How to retire a millionaire without doing much of anything

I just finished reading The Automatic Millionaire by David Bach. It’s a good book. It promises to turn just about anyone into a millionaire in one easy step–if you do it right, you can make one phone call, do nothing else, and retire a millionaire.

I recommend the book.He’s saying essentially the same thing a lot of popular financial advisors right now are saying, but the spin is a bit different. You have to market something.

Essentially, what he says to do is to open up some kind of an IRA, be it a 401(K), 403(B), or Roth, and set up automatic deductions every month that happen before you get a chance to spend any of your paycheck.

If you were to start doing such a thing at age 16, it’s entirely possible to pile up more than $13 million by retirement age. Of course the later you start, the less you’ll pile up, but $1 million is within reach for most Americans.

It’s a boring way to make money but it works.

Of course he also advocates paying off all debts early, which makes it possible to save even more.

I believe that over the next decade, the rich are going to get richer and the poor are going to get poorer, maybe much poorer. People will blame the politicians, but I don’t know that politicans have much control over this situation. Here’s what I expect will happen.

A lot of people are getting non-traditional mortgages without necessarily understanding all of the terms. In many instances, at the end of five years, they will owe the entire cost of the house. Large numbers of people aren’t going to be able to afford to do this, and they aren’t going to be able to afford to refinance because they won’t be able to afford the higher monthly payments.

The homeowners will be forced to sell. And since so many of these mortgages are being handed out now, at some point there will be more sellers than buyers. That will be the end of today’s real estate boom. Thosee who have cash will buy these houses at depressed prices and rent them out to former homeowners who can no longer afford to buy a home.

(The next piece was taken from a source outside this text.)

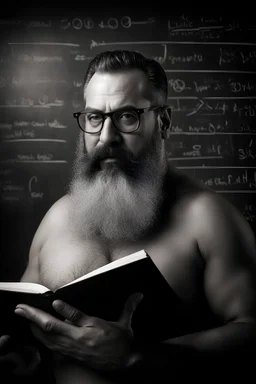 half figure shot photography of a turkish bearded chubby shirtless barechested 44 years old professor in thick glasses, big shoulders, manly chest, standing by completely writed blackboard , front view from the ground, photorealistic, ambient occlusion, side light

When the real estate market recovers, which it will, the people who bought lots of real estate at bargain basement prices will be extraordinarily wealthy–both from the rising value of the property they bought, and the money they made by renting it out.

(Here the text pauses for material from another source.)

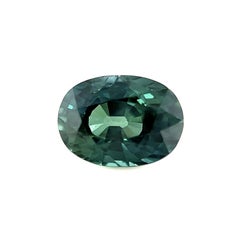 1.00ct Sapphire GIA Certified Untreated Vivid Green Blue Oval Cut Unheated Rare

I know what I need to be doing. I’m ahead of the game on paying off my mortgage. I need to get better about dumping money into a Roth IRA. And right about the time I make the last payment on the house, I expect I’ll get my yearly bill from the county, and for the first time ever, the number on it will be lower than it was the year before. That’ll be when I know it’s time to go for a walk and look for For Sale signs.

This is a good time to be buying financial books, using their advice to get your finances in order, and wait for up-and-coming troubled times. Because for the people who get out of debt now, the next depression (let’s not mince words here–when the economy is in the toilet, it’s called a depression) will be an opportunity.

2 thoughts on “How to retire a millionaire without doing much of anything

  • October 14, 2005 at 7:48 pm
    Permalink

    The CEO over at Delphi has a great deal to say on the future of this country. Listen because it’s the future for all workers that aren’t indispensable.
    When one reads, you should include histories.
    Millions of people lost farms and homes in the ’30’s because money was so scarce they couldn’t pay their taxes.
    In Germany a wheelbarrow full of marks couldn’t buy a loaf of bread.
    Put your faith in G_d and when it all comes unraveled, you will have a place to stay.

    "There are three kinds of men. The one that
    learns by reading. The few who learn by
    observation. The rest of them have to pee
    on the electric fence for themselves."
    WILL ROGERS

    The Camel and the Needle’s Eye
    http://www.debunker.com/texts/needleye.html

    • October 16, 2005 at 7:44 pm
      Permalink

      Well, there’s no question that the government isn’t going to take care of you–most GenXers, when asked if there’s a greater probability of the existance of UFOs or of them getting Social Security benefits pick UFOs–and the first thing any company cuts is retirement benefits, not the CEO’s six- or seven-figure salary. Workers are treated as mercenaries anymore, whether we like it or not.

      It’s possible to play the rules to your benefit too. And increasingly, it’s necessary. I need to go over the specifics again, but I believe that if you incorporate, your corporation can dump up to $40,000 (yeah, 40 grand) a year into a profit-sharing IRA. That’s a nice way to build a nest egg. The hard part is figuring out how to make enough for that rule to be of advantage to yourself.

      But that’s a moot point for most Americans, since most Americans have let the TV program them to spend every cent they make and then some.

      In 30 years, I may very well be the only guy on my street who gets to retire.